There’s nothing sexy about being reliable. For well over a decade Spoon has been a perfect model of consistency, churning out quality slabs of its singular brand of minimal, groove-based indie rock every couple years. The band has slowly built up a lot of love in doing so, but you can’t help but wonder how big its star would be with both a masterpiece and an abomination to its name. Its latest, Transference, isn’t either of those things; it’s just another solid entry into a roundly impressive catalogue.

The album isn’t just a rehash of Spoon’s previous work though. After making an unabashed pop statement with 2007’s Ga Ga Ga Ga Ga, Britt Daniel and company choose to retreat behind the soundboard, creating their most idiosyncratic, amorphous album in the process.

Indeed, the studio is the most noticeable element of Transference. The band has long been obsessed with messing around behind the mixing board — as evidenced by the continual presence of studio chatter and deliberate flubs throughout its career — but here it fully enters the realm of headphone candy. Transference is full of bizarre little production tricks.
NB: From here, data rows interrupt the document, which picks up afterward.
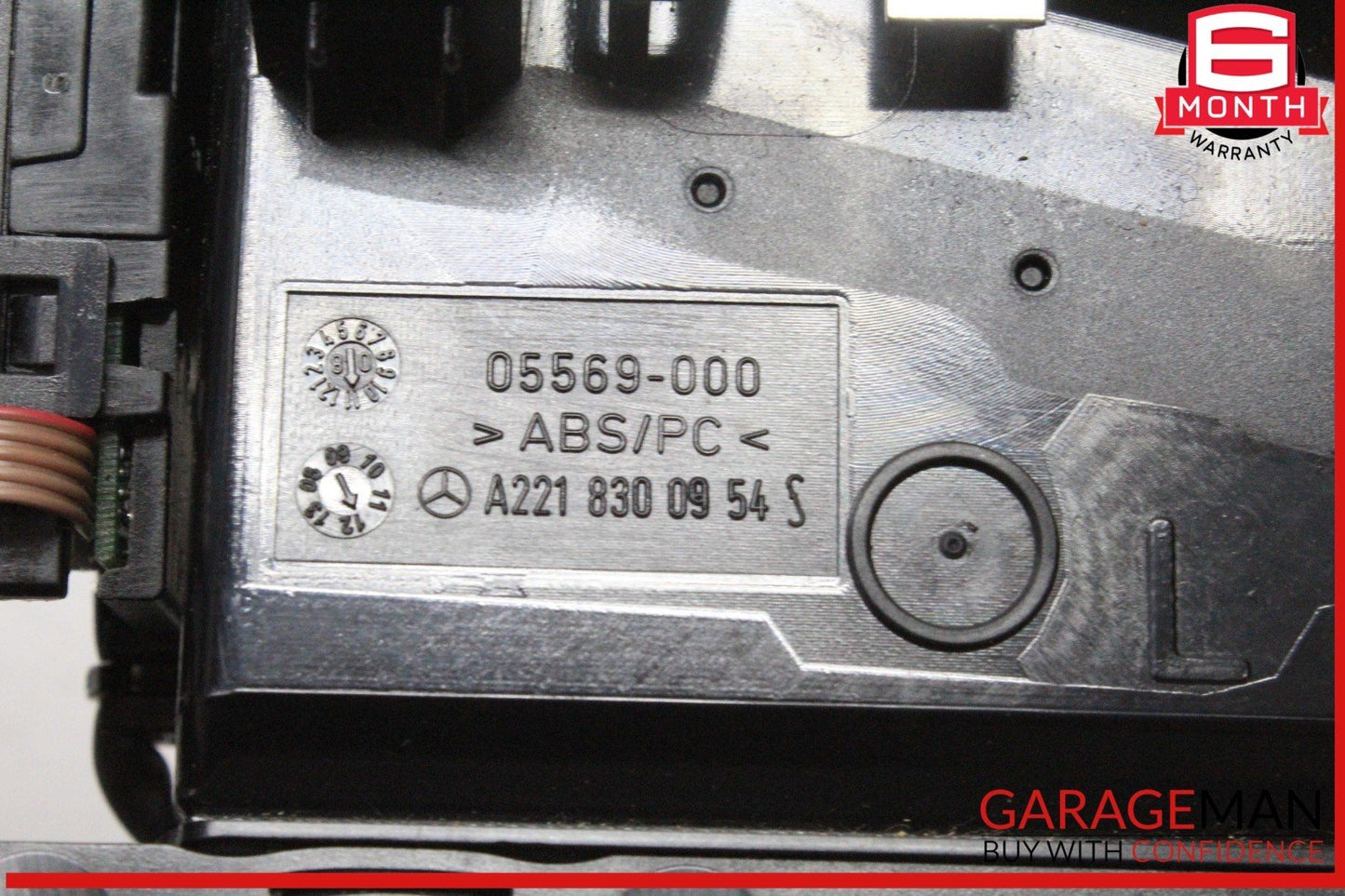 07-13 Mercedes W221 S550 S350 Center Dash Air AC A/C Heater Vent 2218300954 OEM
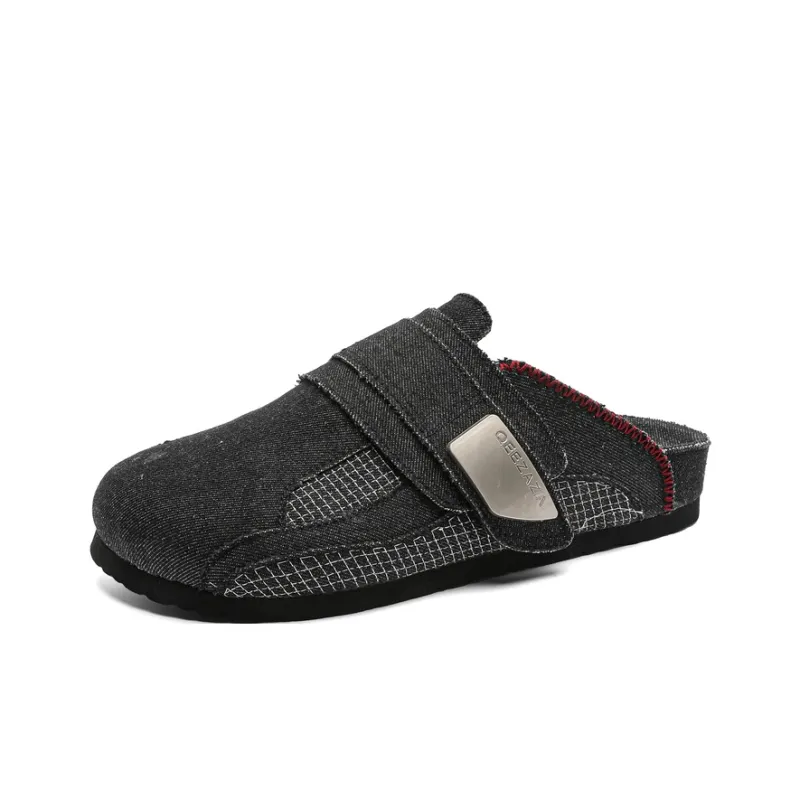 APRHE Rubber Sole Abrasion Resistant Slip Resistant Closed Toe Slippers Unisex-8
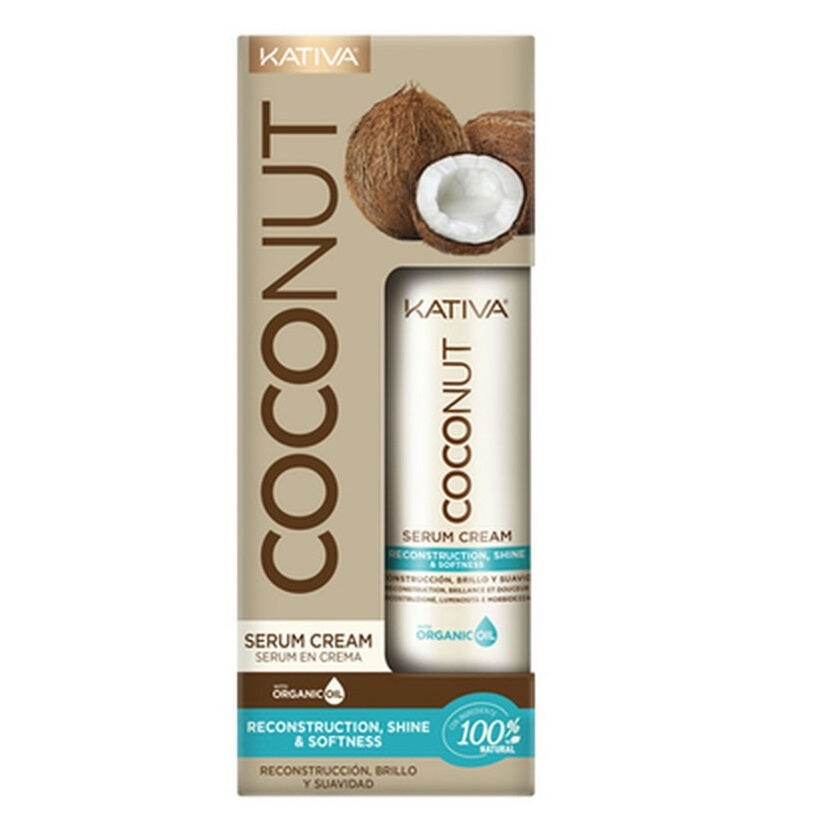 

Kativa Coconut Reconstruction Serum Cream восстанавливающая сыворотка с кокосом в креме 200мл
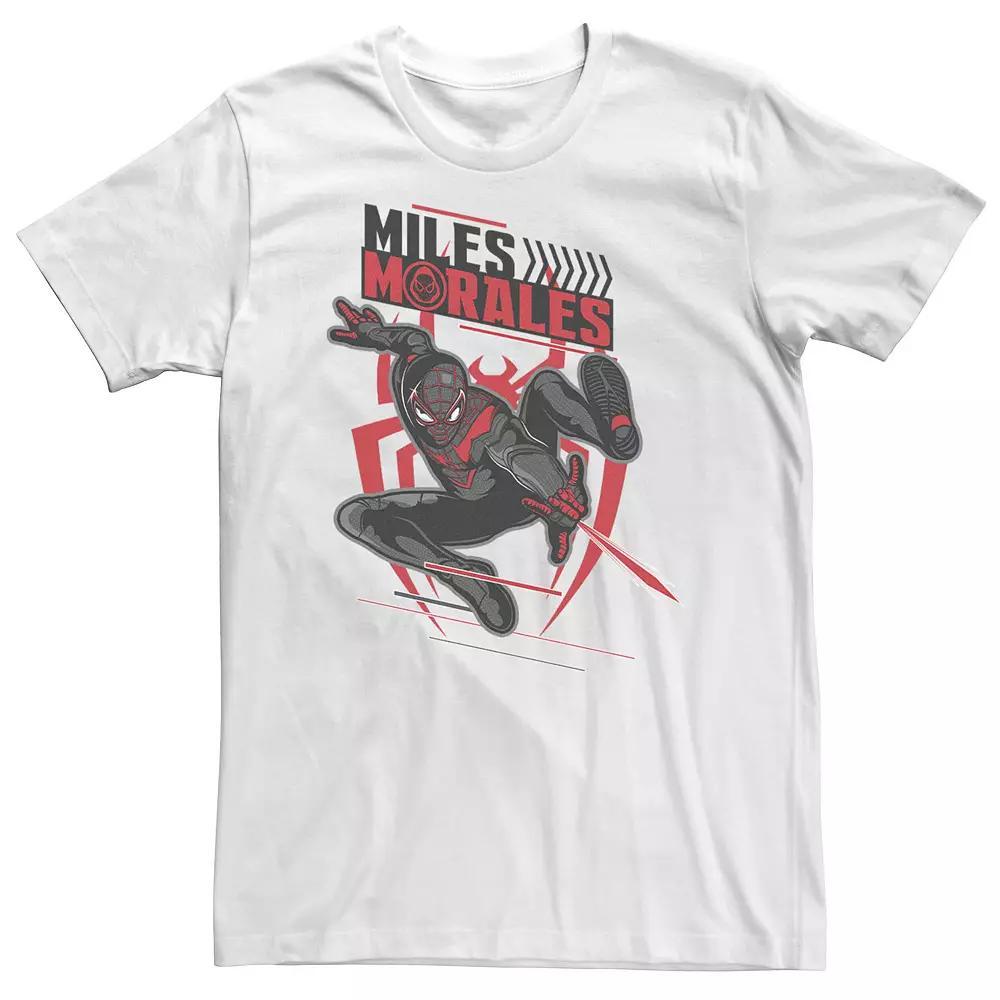 BIg & Tall Marvel Spider-Man: Miles Morales Swinging Action Shot Tee, Men's,  Product Image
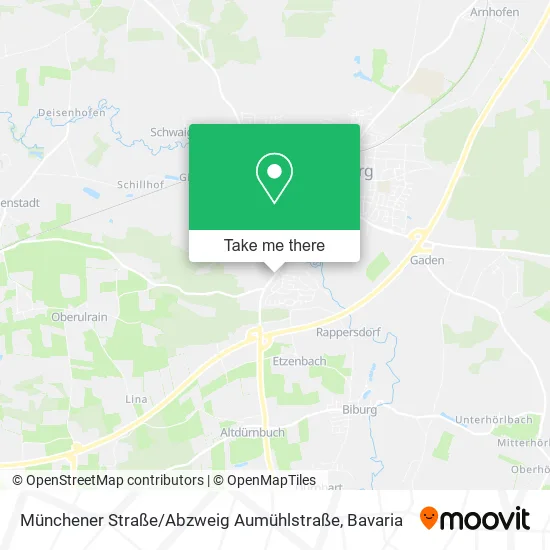 Карта Münchener Straße / Abzweig Aumühlstraße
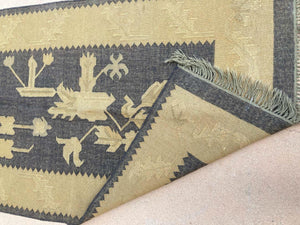 Vintage Small Ethnic Tribal Rug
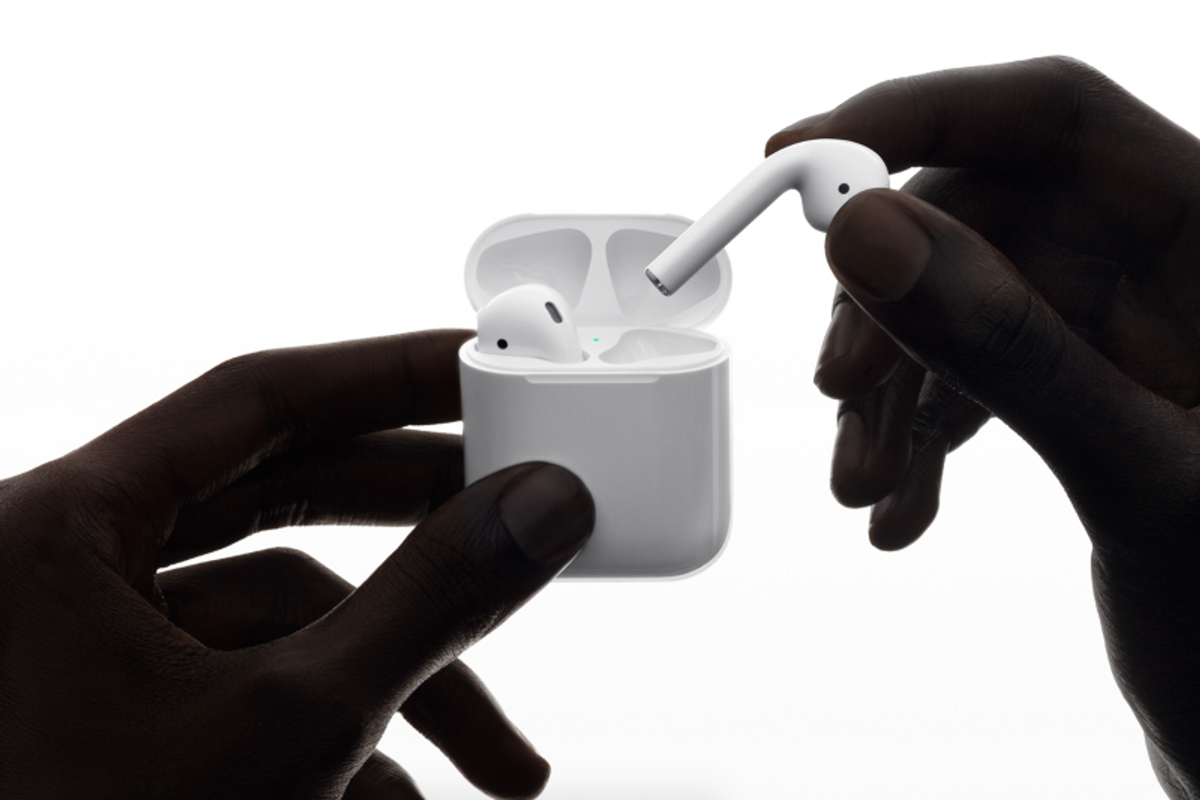 Photo of Apple AirPods earphones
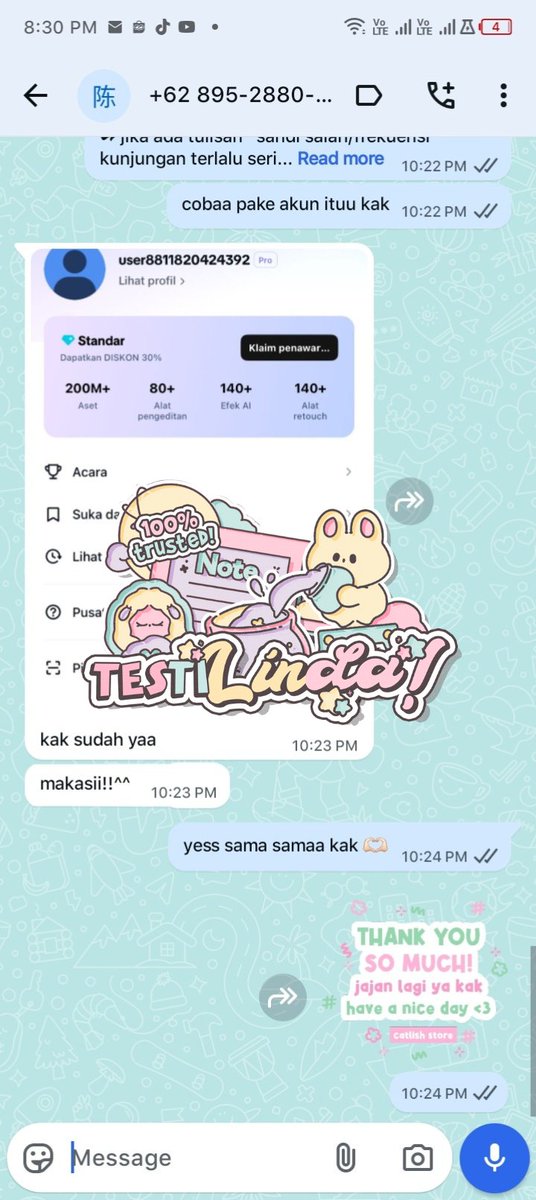 kasiboos's tweet image. ⠀
⠀⠀⠀⠀⠀⠀𓂃 ۫ . ⟡ 𓈒 💌 ꒰‌ linda’s testi ꒱ ‹3
⠀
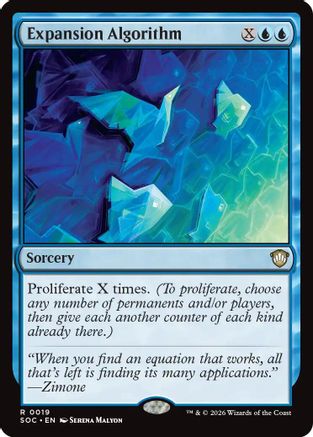 Expansion Algorithm (SOC-019) [Commander: Secrets of Strixhaven] MTG Single Wizards of the Coast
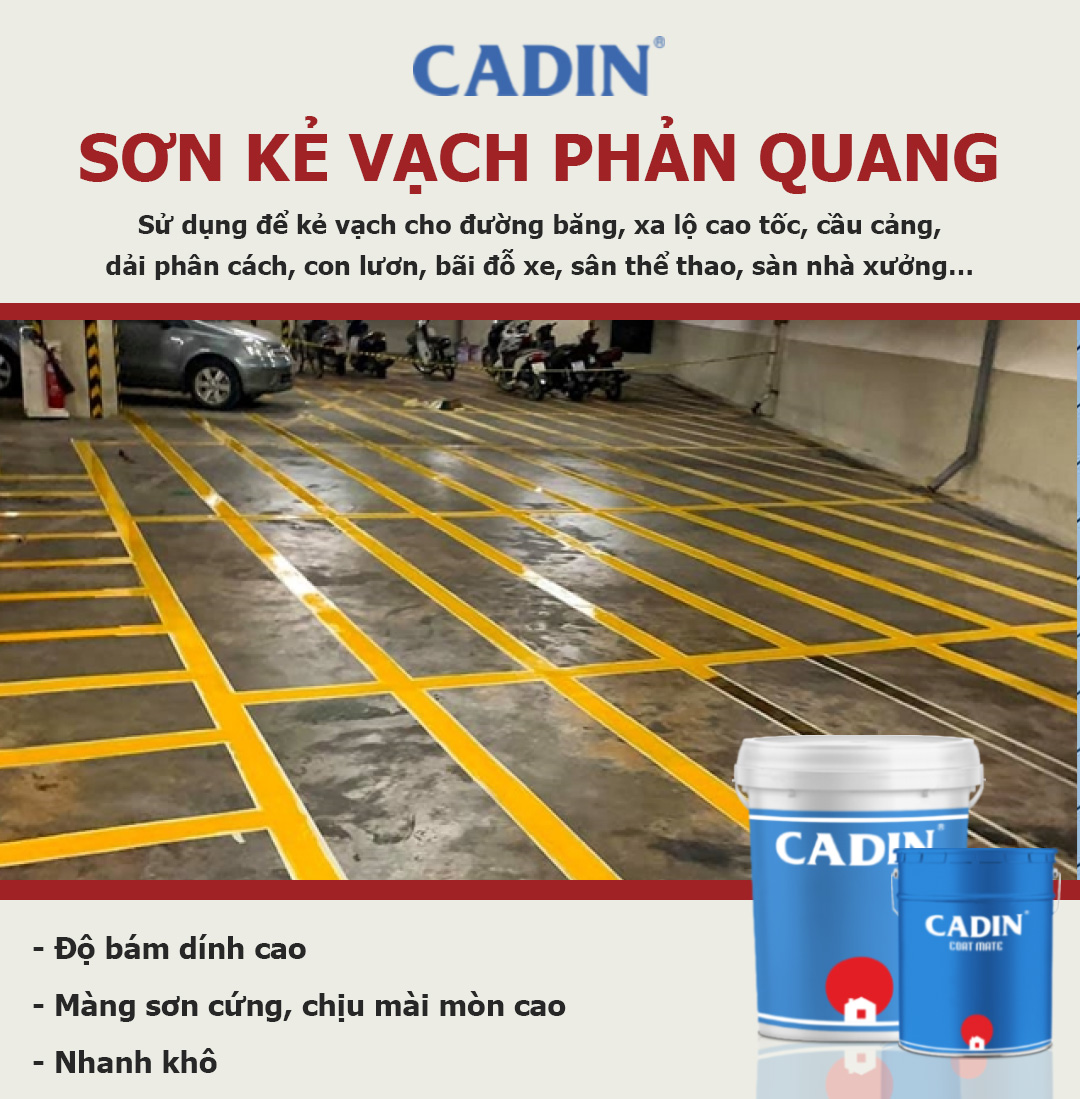 sơn kẻ vạch tầng hầm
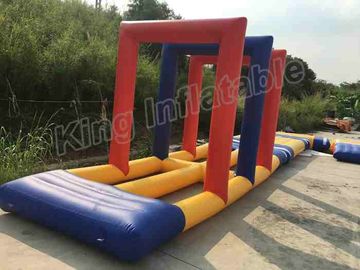 el agua inflable enorme de la lona del PVC de 0.9m m parquea el diámetro de los 40m con color rojo/azul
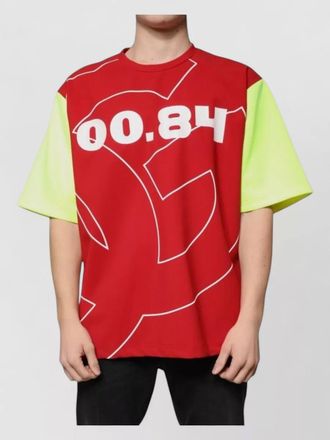 Dolce & Gabbana logo print cotton crew neck t-shirt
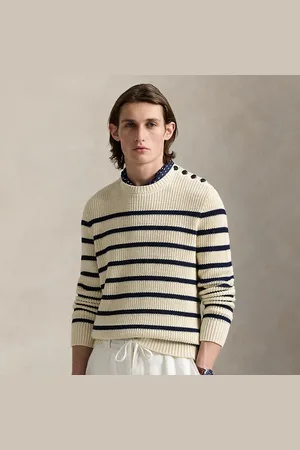 Ralph Lauren Maglia in cotone e lino a righe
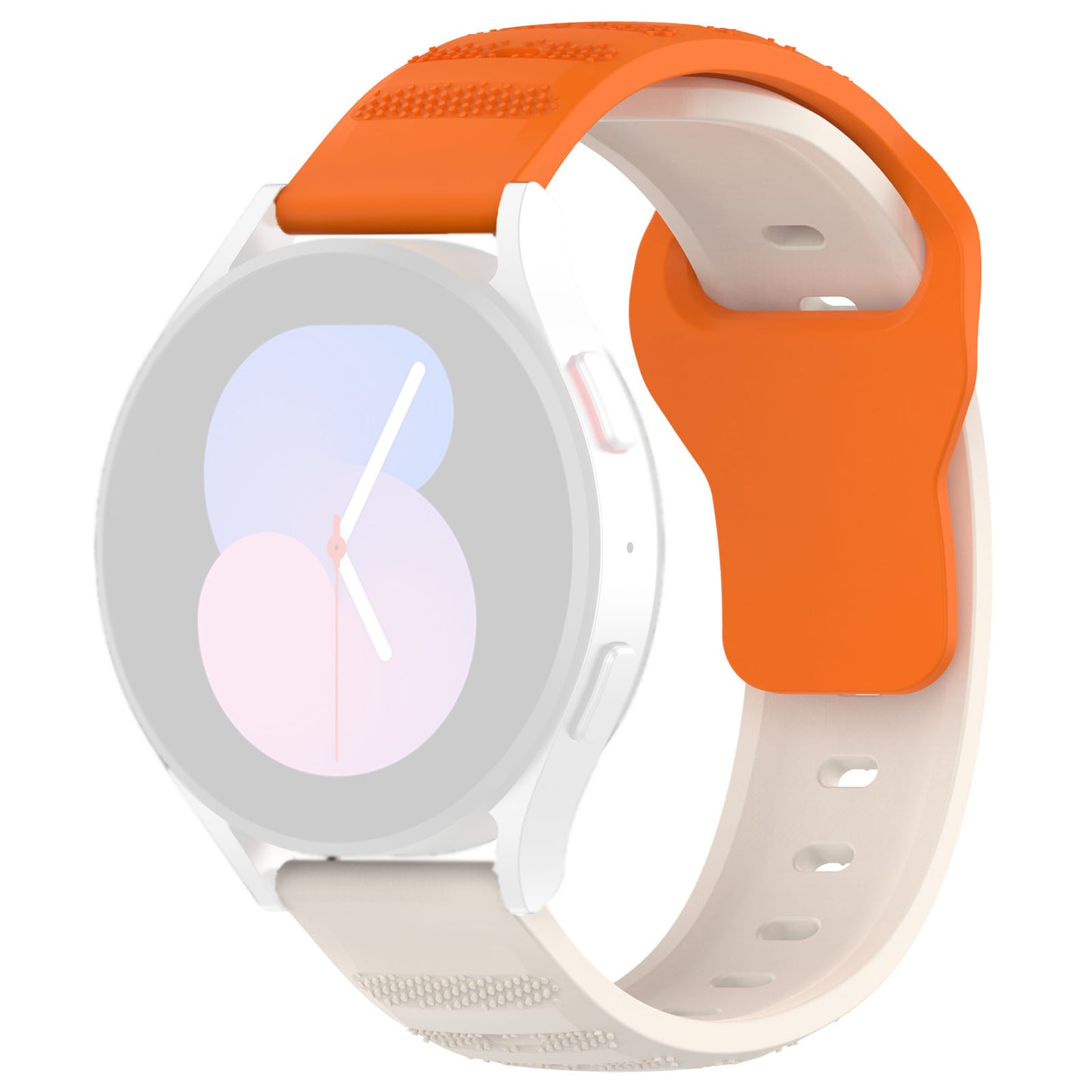 Techsuit W050 szíj Samsung Galaxy Watch / Huawei Watch sorozathoz, Narancssárga Bézs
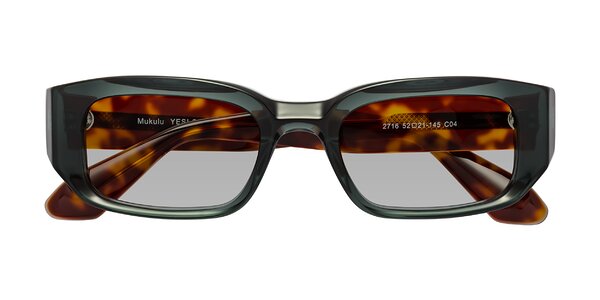Front of Mukulu in Dark Slate Gray/Tortoise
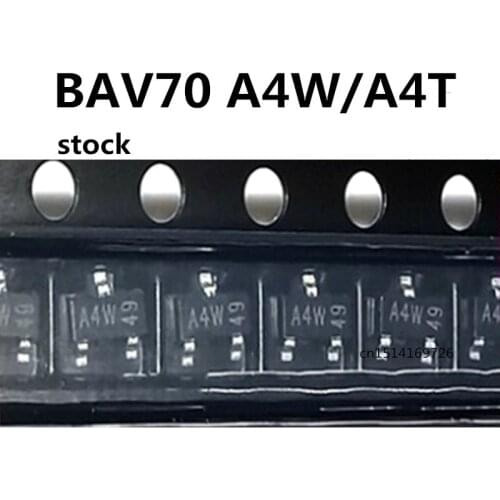 Original New 5pcs / BAV70 A4W/A4T SOT23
Vocals are chopped off mid-syllable, waves of possibly backward mumbles rise up and disappear, instruments recklessly flit between channels, whole songs are given a warped vinyl wobble.

It’s to the band’s credit that it integrates its newfound studio trickery into the scrappy, groove-riding Spoon lockstep seamlessly. The aural flourishes only augment Daniel’s songwriting and never detract from the shaggy dog appeal that has served the band so well along its path to become indie rock’s most dependable players.